The picture above is one of the gas pipelines where I was employed as an inspector/radiographer (bomber, in then current parlance, not a job description safe to use these days!). This is one of the uphill stretches on the South Downs very near Devil's Dyke outside Brighton. This section became so steep that a sideboom crane, as pictured, was taken to the top of the hill, the winch run out, and all the welding sets, generators, plant, even the tea-wagon, hooked together like a string of beads and dragged up as needed.

For those who might be interested, we hd a gas pipeline come through Borough Green during 2009, and my community website www.boroughgreen-news.com was given free access to take pics and allay local fears ( and because I love the machinery), but I got so many pics, and so many new friends, that a new website was needed, www.pipeliners-uk.com , also linked to a few videos on Youtube, ---- but you come back here after........

Above is a Cleveland trencher waiting at a road crossing. The man who drives this has his stove and victuals all set up inside the cab, because he works on his own, and is often far away from normal food.

 I saw him parked one day near the River Adur at Henfield, sausages cooking merrily, kettle whistling, reading his paper whilst waiting for permission to dig through a farm road. Half a mile down the pipe a crew were starting to lift the pipe, continuously welded, into the trench. It slipped. I arrived, looked down the trace, and saw the sleepers that the pipe rests on being thrown into the air. When a pipe slips like this, it is as flexible as a rubber hose, and the ends can get quite a considerable whip on. I took a header over the fence, and ran for the hills.

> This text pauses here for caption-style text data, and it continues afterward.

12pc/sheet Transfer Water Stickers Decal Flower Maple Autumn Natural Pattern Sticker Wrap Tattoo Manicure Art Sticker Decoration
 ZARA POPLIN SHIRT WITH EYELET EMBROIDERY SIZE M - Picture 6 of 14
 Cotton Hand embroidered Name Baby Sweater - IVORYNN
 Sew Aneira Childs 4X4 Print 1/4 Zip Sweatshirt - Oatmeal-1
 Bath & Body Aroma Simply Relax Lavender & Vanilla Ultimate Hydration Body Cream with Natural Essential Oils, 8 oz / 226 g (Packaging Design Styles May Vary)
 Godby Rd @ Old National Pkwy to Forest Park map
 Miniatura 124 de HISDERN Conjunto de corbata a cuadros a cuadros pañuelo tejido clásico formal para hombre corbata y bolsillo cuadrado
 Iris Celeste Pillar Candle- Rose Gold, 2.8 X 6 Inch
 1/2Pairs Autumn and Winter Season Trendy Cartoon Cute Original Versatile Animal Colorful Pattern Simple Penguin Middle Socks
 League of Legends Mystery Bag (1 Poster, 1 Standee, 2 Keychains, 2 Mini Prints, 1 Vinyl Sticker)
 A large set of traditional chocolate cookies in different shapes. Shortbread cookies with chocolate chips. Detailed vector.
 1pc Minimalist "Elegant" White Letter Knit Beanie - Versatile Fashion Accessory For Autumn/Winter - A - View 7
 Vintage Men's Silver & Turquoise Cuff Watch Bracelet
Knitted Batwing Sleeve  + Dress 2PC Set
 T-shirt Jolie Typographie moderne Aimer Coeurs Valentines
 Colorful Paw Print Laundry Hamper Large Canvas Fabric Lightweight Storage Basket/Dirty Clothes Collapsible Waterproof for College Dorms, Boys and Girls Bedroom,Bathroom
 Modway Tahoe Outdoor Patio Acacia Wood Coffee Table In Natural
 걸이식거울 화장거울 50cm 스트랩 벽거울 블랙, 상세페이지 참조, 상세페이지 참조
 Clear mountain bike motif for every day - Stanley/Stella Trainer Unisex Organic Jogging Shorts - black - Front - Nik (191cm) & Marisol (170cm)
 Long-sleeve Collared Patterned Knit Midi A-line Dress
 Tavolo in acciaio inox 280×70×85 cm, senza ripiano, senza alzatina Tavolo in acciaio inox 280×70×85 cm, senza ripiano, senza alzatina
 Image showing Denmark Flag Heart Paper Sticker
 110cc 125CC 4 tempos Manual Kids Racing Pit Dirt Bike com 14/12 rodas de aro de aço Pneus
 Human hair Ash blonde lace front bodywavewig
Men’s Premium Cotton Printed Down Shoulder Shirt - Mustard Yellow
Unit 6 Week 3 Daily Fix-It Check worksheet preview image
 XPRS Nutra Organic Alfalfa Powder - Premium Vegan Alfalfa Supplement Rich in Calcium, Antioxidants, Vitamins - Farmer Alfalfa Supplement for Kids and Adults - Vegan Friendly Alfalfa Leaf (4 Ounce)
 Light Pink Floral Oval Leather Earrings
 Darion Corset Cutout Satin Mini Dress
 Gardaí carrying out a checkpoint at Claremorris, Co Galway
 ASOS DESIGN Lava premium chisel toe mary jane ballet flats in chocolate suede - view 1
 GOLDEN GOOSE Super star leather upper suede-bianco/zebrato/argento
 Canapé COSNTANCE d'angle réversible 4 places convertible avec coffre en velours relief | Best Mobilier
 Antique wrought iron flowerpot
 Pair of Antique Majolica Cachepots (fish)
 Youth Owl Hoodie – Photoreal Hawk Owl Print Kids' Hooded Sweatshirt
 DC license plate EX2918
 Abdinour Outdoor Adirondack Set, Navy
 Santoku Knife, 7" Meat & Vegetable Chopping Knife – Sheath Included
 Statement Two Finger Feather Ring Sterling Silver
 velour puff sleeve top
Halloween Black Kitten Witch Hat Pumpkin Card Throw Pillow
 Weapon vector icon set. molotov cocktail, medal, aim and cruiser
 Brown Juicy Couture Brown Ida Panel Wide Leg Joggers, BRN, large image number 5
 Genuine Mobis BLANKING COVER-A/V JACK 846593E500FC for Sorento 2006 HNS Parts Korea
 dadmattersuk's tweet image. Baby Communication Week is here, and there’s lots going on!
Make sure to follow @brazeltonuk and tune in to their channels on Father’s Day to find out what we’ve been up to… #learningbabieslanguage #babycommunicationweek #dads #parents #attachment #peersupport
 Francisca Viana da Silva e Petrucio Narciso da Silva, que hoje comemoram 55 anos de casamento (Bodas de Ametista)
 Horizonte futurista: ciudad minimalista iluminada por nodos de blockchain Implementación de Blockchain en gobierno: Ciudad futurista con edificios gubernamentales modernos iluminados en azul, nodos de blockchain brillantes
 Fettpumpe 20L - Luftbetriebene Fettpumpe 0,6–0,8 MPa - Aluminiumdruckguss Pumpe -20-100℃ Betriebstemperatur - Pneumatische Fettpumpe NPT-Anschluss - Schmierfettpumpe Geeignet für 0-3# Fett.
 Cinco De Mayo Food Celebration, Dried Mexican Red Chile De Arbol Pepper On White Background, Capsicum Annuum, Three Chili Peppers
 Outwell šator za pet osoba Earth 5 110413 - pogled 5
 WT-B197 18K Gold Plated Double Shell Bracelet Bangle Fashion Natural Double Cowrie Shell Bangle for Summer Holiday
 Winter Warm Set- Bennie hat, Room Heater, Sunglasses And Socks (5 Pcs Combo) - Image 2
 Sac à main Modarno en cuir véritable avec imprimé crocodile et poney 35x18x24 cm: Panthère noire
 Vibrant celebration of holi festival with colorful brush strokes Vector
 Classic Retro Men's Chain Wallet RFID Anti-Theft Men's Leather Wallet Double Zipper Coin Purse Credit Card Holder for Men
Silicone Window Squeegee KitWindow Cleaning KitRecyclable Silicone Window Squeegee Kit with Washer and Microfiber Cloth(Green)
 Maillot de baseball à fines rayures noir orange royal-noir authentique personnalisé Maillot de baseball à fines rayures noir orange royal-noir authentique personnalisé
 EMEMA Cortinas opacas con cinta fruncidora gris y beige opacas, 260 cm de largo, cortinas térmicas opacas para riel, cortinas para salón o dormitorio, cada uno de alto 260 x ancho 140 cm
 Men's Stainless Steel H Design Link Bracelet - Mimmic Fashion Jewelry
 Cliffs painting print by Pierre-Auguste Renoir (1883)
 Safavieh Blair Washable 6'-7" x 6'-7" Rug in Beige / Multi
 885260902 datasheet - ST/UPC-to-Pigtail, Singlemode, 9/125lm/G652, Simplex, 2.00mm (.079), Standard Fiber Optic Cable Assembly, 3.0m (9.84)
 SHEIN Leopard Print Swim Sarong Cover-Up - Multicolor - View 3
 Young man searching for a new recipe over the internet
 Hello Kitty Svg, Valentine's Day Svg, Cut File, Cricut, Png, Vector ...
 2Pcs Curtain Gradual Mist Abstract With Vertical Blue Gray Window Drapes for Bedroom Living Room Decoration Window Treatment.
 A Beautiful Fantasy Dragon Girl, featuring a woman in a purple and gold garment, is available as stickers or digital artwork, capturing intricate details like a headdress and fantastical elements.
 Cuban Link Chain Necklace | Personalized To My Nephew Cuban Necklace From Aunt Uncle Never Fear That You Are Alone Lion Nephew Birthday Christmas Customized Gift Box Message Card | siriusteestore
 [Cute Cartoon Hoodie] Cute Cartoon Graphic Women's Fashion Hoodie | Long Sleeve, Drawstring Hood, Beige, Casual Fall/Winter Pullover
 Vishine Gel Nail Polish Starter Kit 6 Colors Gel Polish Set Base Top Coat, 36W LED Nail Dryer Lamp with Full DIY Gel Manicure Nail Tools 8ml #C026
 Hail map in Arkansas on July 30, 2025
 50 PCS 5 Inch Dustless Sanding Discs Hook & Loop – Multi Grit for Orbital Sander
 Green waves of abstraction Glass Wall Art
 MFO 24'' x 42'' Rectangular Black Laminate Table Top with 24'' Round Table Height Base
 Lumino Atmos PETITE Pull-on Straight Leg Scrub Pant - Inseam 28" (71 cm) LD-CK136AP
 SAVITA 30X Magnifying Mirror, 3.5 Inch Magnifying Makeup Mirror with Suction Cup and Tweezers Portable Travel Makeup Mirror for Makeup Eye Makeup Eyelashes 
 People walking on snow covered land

The pipe reared up in the air, swayed back, and then shot across to hit the Cleveland sqaurely across the tracks. You would not believe that a machine that size could hop, but it did, about 6ft sideways, Paddy wasn't hurt, but his breakfast and paper were ruined. Last I saw of him he was heading off down the trace, fat dripping from his jacket, with a frying pan in his hand, looking for the now disappeared ditching crew. 

This is one of the fleet of CWE Gipsies. They had been returned from a middle east pipeline contract, and were all lefthand drive and fitted with twin fuel tanks. I always rated the Gipsy as far better in the muck that the Landrover, mainly because of the extra weight of the steel body, and the 4-wheel independent suspension. This gives a massive degree of "articulation" meaning drive can be maintained far longer. What was of particular interest to as a bit of a wide boy, was the twin tanks: with paraffin in one, and petrol in the other, I could drive home to Surrey most nights without putting a strain on my fuel expenses. Smelt like an aladdin heater though!

This pic was taken on the side of Chanctonbury Rings, on the Downs outside Washington: now there is a spooky place! 

Sample Photo 5

Despite my loathing of shopping and the consumer culture, I have been to Bluewater, and here is a picture to prove it. In those days it was a chalk pit running 24 hrs a day supplying some of the raw material for the massive Northfleet cement works. I was working with my little tipper on shunt for H&S contractors, who are still around today. This was a marvellous job for an owner driver. Finish on Friday afternoon, into Northfleet, and spend the whole weekend, day & night, hauling cement clinker or coal between stock heaps, all within the factory confines.

Finish early Monday morning, round the corner to Redland's Greenhithe wharf, a load of sea-dredged aggregate back to the Redland Readymix plant in Sevenoaks, and back to another weeks work for Tilcon. I'll sleep when I retire.